November 14-16, 2018. Co-authored with Rubio-Rodríguez LA, Muñoz-Barrera A, Roda-García JL, Pérez-González CJ, González-Yanes P, Flores C and Lorenzo-Salazar JM. Abstract Booklet #22, page 44.

Abstract

Next Generation Sequencing (NGS) data imposes major challenges for processing due to its volume and complexity. Analysis of NGS data is generally based on many third party software, which are sometimes complex to install, configure and usually have dependencies that may arise in portability and reproducibility issues. Thus, it is necessary to develop infrastructures to store, manage and analyse massive genomic data in an efficient, scalable and reproducible way. We have developed a Docker container‐based infrastructure comprised of Bioinformatics and Big Data tools (Hadoop and Spark) for NGS data analysis. We have created Docker images for the Hadoop and Spark components and bioinformatics tools, including QC applications (FastQC, MultiQC, Qualimap2), aligners (BWA), variant callers (GATK4, Platypus), and other complementary software (JupyterLab).

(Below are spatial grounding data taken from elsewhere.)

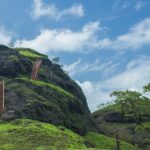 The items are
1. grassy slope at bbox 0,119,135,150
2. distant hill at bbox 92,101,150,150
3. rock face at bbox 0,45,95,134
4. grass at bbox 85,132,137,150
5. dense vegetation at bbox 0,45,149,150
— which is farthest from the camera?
distant hill at bbox 92,101,150,150

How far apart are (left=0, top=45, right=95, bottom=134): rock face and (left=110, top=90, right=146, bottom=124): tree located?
30172 mm

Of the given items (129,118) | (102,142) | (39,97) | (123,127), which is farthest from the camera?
(123,127)

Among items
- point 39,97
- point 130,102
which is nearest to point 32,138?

The infrastructure was deployed as a cluster of 20 commodity hardware nodes in a computer classroom at the ESIT‐ULL Computing Center and can be easily scaled. We have used Docker Compose for multi‐container definition and Docker Swarm for container orchestration and cluster management. To ensure data integrity, genomic data is stored in a distributed and a redundant manner across all nodes by using HDFS technology. This solution allowed university students to keep using their computers during data processing, so we could take advantage of existing equipment with no additional cost. As this is a non‐dedicated infrastructure, it has been necessary to keep in mind the continuous addition and removal of nodes from the cluster. Docker images are available at: https://hub.docker.com/r/taroull/. Dockerfiles for deploying the described infrastructure are available at: https://github.com/lubertorubior/docker‐esit Funded by Ministerio de Ciencia, Innovación y Universidades (RTC‐2017‐6471‐1; MINECO/AEI/FEDER, UE). This work has been supported by the CEDeI program (Centro de Excelencia de Desarrollo e Innovación, Cabildo de Tenerife).